Bristol’s mayor has relented after banning councillors from meetings of controversial new boards, a step he took because one was “incredibly rude”.
Marvin Rees revealed the reason for the ban to a group of councillors responsible for scrutinising council business on July 17.
He said he needed to “safeguard” the meetings of the themed boards tasked with delivering his One City Plan, the council-led vision for Bristol in 2050.
The six multi-organisation boards bring public, private, voluntary and third sector partners within Bristol together to find answers to some of the city’s biggest challenges.
Two of the boards, the health and wellbeing board and the Bristol homes board, include councillors among their number and hold public meetings.
But, as it stands, councillors are not allowed to attend meetings of three of the boards.
The learning city partnership and Bristol transport board meet behind closed doors, as does the newly created environmental sustainability board.
A fourth board in the pipeline, an economy board, is not expected to be open to the press or public either.
The secrecy surrounding the meetings has sparked fears of a lack of transparency about how much power the boards have on the Labour-run council policy.
Rees told members of the cross-party overview and scrutiny management board that the meetings were open to begin with but he decided to exclude councillors after one was “incredibly rude” to an outside speaker.
“I said, ‘I can’t take that risk’,” the mayor said. “If we’re bringing in partners to talk about how we begin to have this cooperative work relationship and then someone starts to be rude to them…we can’t take that.”
But he appeared to relent after several members expressed their frustration about not being allowed into the meetings, even as observers.
Rees said: “We’ll talk to the board about attendance.”
He also assured them that they would have the ability to scrutinise any cabinet decisions arising from recommendations made at the meetings.
Scrutiny board chair, Conservative councillor Geoff Gollop, clarified that, with the exception of one, the One City themed boards will only have the power to make recommendations.
Only statutory body the health and wellbeing board has the authority to make decisions.
The health and wellbeing board, the Bristol homes board, the learning city partnership and the Bristol transport board pre-existed the publication of the One City Plan in January, whereas the environmental sustainability board and the economy board are new entities.

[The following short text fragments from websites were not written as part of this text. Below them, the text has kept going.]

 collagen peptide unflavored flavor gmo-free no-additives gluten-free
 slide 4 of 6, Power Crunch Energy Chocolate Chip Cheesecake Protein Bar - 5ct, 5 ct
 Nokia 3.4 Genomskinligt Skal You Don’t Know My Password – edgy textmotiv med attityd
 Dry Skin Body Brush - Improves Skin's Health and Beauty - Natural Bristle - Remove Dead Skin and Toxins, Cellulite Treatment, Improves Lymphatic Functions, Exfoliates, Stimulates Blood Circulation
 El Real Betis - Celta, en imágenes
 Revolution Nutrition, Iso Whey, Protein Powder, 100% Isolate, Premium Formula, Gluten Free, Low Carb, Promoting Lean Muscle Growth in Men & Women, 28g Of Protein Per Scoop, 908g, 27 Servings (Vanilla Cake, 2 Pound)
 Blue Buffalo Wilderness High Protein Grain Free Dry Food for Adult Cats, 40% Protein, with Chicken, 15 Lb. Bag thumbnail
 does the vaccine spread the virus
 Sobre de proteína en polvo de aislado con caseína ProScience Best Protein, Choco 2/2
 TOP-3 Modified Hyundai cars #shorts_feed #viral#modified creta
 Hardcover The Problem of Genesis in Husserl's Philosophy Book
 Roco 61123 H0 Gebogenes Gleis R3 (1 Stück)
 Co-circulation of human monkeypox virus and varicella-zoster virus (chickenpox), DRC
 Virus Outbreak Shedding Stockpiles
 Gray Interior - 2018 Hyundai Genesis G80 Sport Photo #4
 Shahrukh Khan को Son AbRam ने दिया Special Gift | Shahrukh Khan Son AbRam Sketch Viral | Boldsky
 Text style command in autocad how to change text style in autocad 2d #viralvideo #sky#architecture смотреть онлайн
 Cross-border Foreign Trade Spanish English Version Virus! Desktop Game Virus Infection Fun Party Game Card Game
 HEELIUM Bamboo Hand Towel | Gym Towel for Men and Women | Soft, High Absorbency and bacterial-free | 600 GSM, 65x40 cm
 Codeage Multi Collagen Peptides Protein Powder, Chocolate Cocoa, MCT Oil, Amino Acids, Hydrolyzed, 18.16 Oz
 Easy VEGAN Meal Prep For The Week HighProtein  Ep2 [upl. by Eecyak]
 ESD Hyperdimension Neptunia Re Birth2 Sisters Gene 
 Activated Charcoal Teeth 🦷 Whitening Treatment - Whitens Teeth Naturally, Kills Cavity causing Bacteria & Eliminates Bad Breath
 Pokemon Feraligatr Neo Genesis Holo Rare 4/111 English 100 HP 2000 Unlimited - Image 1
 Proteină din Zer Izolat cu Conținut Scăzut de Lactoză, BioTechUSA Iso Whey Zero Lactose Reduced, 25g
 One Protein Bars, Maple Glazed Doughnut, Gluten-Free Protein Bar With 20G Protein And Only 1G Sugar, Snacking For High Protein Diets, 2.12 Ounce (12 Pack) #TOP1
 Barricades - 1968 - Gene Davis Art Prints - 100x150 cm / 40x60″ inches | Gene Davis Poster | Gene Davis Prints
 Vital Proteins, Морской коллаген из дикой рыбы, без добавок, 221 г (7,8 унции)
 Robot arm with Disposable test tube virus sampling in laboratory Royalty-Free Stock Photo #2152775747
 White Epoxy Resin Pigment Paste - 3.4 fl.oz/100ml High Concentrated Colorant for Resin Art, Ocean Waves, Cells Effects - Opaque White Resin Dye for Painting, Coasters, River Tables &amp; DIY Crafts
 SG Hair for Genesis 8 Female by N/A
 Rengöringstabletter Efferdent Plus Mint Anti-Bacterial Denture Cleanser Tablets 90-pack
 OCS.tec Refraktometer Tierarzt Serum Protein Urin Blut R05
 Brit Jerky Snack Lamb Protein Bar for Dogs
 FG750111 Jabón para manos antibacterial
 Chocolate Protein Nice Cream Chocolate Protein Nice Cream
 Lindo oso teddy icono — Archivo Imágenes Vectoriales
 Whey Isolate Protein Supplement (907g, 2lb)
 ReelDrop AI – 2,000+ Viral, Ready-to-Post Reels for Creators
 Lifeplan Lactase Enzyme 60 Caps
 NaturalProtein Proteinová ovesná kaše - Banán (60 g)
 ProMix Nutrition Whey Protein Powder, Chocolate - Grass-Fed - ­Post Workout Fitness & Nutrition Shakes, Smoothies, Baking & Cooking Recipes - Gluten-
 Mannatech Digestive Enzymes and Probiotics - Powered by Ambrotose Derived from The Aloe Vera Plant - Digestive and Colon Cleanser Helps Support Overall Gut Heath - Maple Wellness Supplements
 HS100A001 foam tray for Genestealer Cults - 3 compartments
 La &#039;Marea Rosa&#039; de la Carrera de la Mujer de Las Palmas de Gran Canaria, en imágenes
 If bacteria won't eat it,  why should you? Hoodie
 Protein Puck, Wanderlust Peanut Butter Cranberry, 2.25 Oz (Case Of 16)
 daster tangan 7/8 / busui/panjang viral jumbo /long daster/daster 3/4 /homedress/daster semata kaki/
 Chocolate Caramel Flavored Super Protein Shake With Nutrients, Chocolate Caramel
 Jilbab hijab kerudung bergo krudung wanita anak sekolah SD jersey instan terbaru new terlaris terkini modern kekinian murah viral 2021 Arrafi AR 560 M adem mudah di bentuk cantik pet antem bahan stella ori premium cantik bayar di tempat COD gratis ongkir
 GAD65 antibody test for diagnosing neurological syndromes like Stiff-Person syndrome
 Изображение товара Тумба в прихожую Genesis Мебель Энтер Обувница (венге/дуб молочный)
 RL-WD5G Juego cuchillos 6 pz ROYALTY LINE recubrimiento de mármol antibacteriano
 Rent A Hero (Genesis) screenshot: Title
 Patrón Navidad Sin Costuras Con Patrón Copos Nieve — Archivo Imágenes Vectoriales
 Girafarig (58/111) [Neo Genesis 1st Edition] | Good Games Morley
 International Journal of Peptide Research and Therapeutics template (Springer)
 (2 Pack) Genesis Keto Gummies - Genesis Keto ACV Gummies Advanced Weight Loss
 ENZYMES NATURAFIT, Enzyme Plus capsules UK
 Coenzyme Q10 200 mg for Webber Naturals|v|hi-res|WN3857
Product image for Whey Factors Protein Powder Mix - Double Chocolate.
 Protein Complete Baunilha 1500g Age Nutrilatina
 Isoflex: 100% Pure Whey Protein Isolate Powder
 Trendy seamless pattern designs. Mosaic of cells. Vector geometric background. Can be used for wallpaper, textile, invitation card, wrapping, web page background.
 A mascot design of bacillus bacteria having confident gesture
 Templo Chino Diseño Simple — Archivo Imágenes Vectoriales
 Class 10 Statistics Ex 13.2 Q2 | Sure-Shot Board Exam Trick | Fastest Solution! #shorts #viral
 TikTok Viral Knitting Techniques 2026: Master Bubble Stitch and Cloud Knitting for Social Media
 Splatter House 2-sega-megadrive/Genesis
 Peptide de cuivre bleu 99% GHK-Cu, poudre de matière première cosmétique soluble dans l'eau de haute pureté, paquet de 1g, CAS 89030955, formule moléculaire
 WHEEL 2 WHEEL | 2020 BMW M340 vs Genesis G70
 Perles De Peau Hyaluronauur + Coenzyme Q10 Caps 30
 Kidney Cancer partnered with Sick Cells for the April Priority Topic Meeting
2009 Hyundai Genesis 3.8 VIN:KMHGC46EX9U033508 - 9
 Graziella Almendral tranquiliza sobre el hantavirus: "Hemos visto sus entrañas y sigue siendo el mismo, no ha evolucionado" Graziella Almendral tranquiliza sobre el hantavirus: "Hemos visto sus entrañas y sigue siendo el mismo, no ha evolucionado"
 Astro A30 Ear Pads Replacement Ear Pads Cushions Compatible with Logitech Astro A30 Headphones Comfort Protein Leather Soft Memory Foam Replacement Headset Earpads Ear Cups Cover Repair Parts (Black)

Later in the meeting, members heard that the mayor had asked One City officials to speak to each of the board chairs “about the ability to have councillor observers at those meetings”.
Andrea Dell, co-head of the One City office, added that the agendas and minutes of all the board meetings would be published on the One City website.
But Conservative representative for Horfield, Claire Hiscott, said she found that “really disappointing”.
“For me it feels very much as though these boards are dealing with some of the most important issues the city faces without elected members’ being even in the room or having easy access to what’s going on, and I find that quite disturbing.”